* Work instruction *
For this exercise, copy exactly the lines below from the one with "Kia e-Niro DynamicLine" through the one with "Schrunden Pflegesalbe Dermi" and leave out the pictures.

* Given records *
::::::::

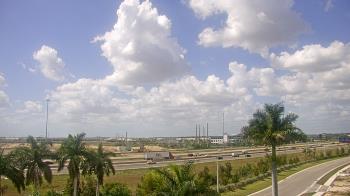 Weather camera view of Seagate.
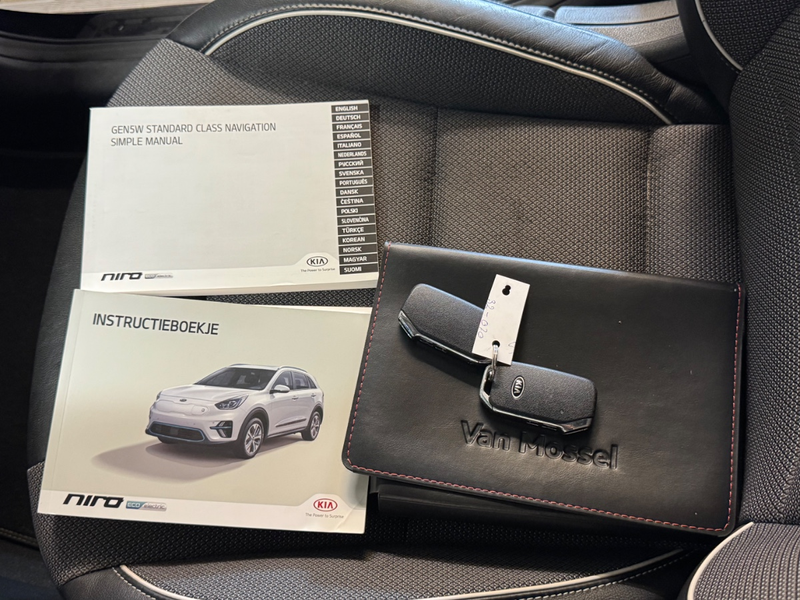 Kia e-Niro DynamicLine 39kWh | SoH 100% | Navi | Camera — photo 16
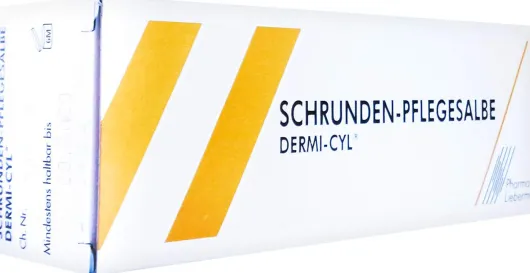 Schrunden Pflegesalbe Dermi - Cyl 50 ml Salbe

::::::::

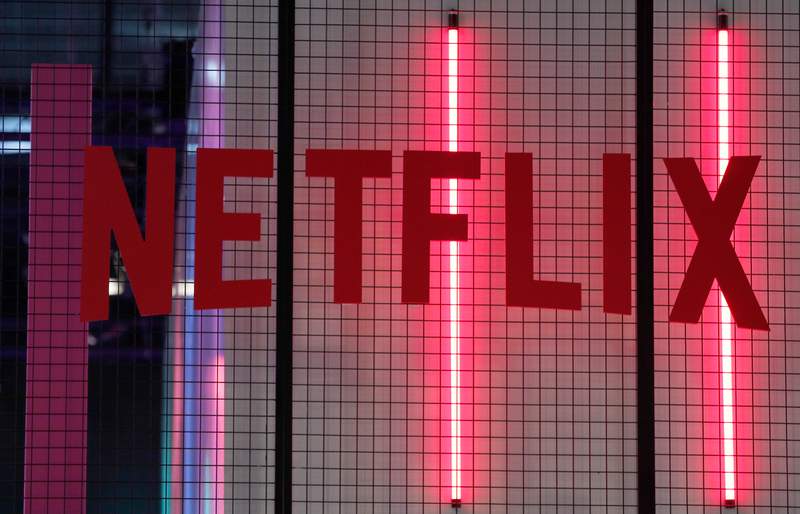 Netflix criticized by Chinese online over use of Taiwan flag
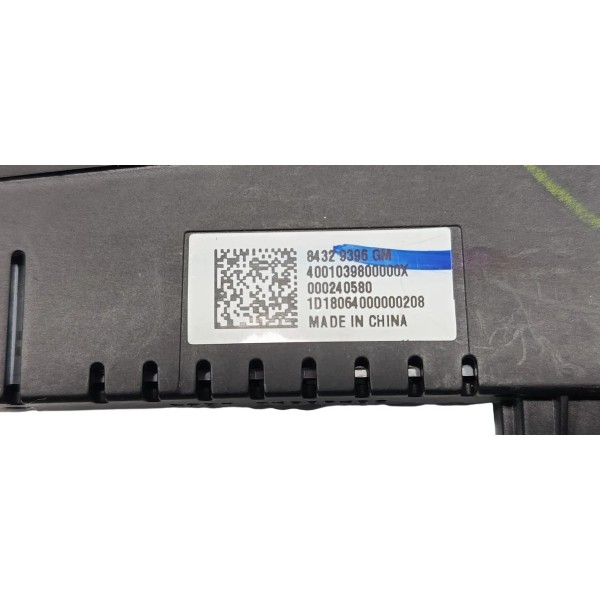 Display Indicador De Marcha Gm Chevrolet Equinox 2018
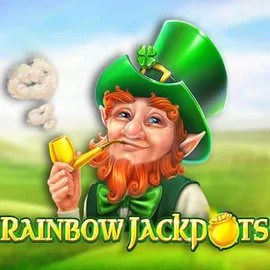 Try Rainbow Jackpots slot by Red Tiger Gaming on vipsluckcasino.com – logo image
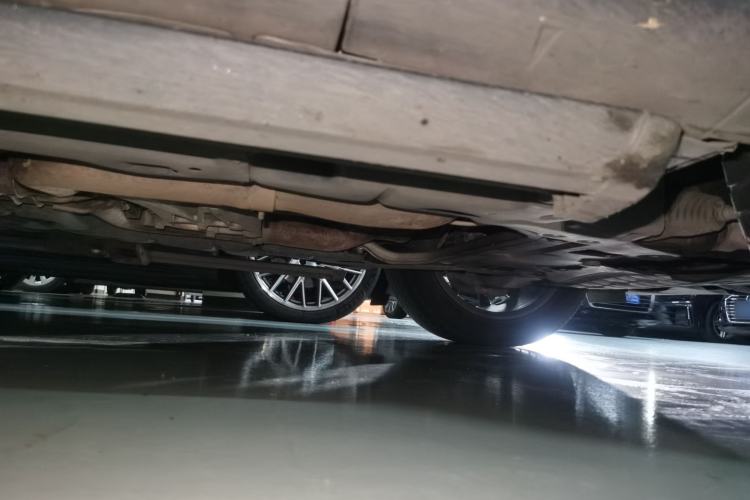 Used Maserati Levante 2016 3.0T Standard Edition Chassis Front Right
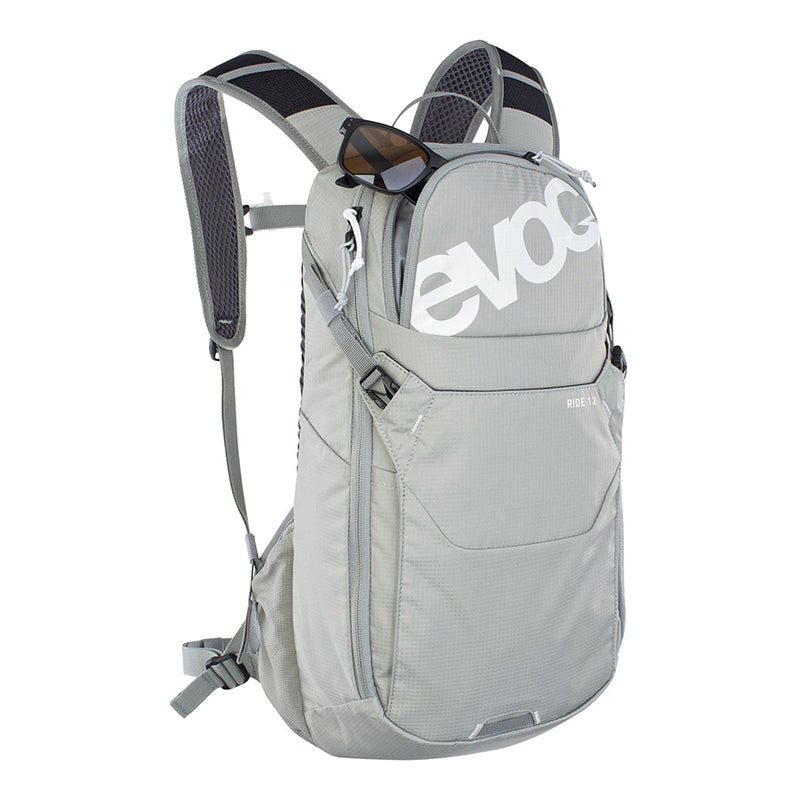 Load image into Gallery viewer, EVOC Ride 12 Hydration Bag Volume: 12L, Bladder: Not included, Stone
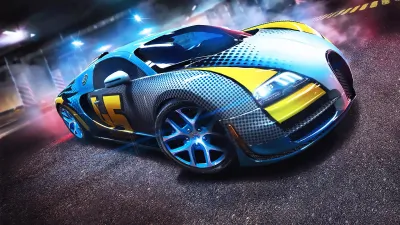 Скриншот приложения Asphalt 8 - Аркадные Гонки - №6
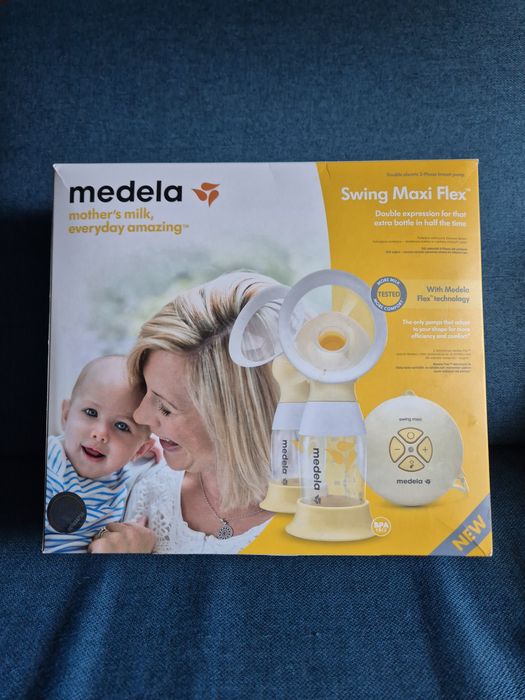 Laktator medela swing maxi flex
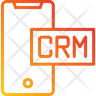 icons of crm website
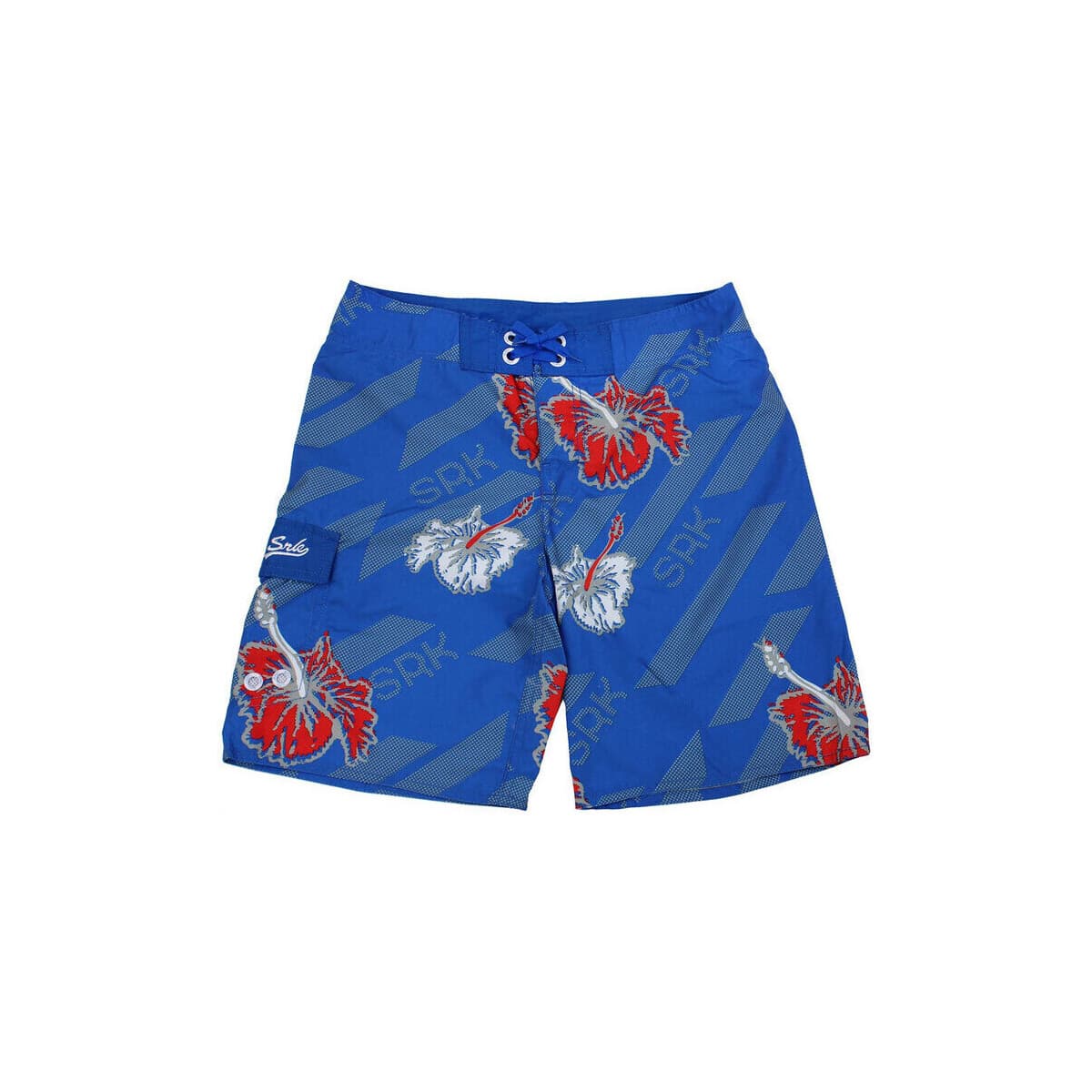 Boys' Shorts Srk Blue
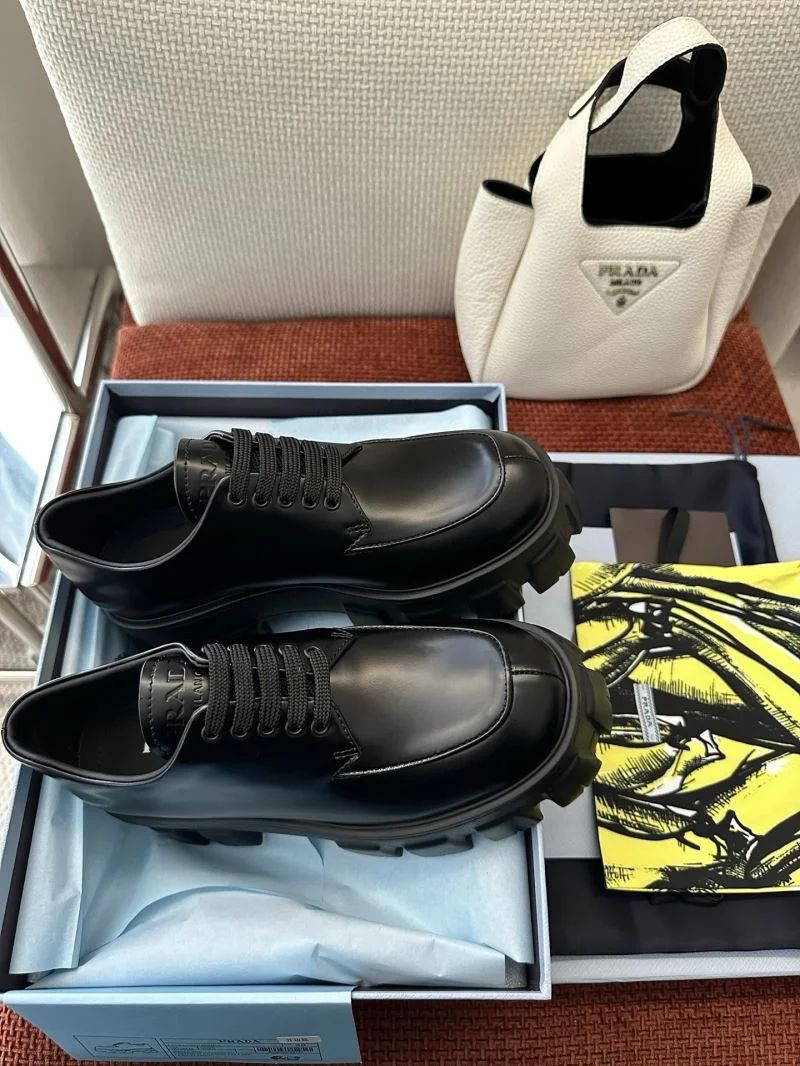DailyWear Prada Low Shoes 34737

::::::::

* Task solution *
 Kia e-Niro DynamicLine 39kWh | SoH 100% | Navi | Camera — photo 16
 Schrunden Pflegesalbe Dermi - Cyl 50 ml Salbe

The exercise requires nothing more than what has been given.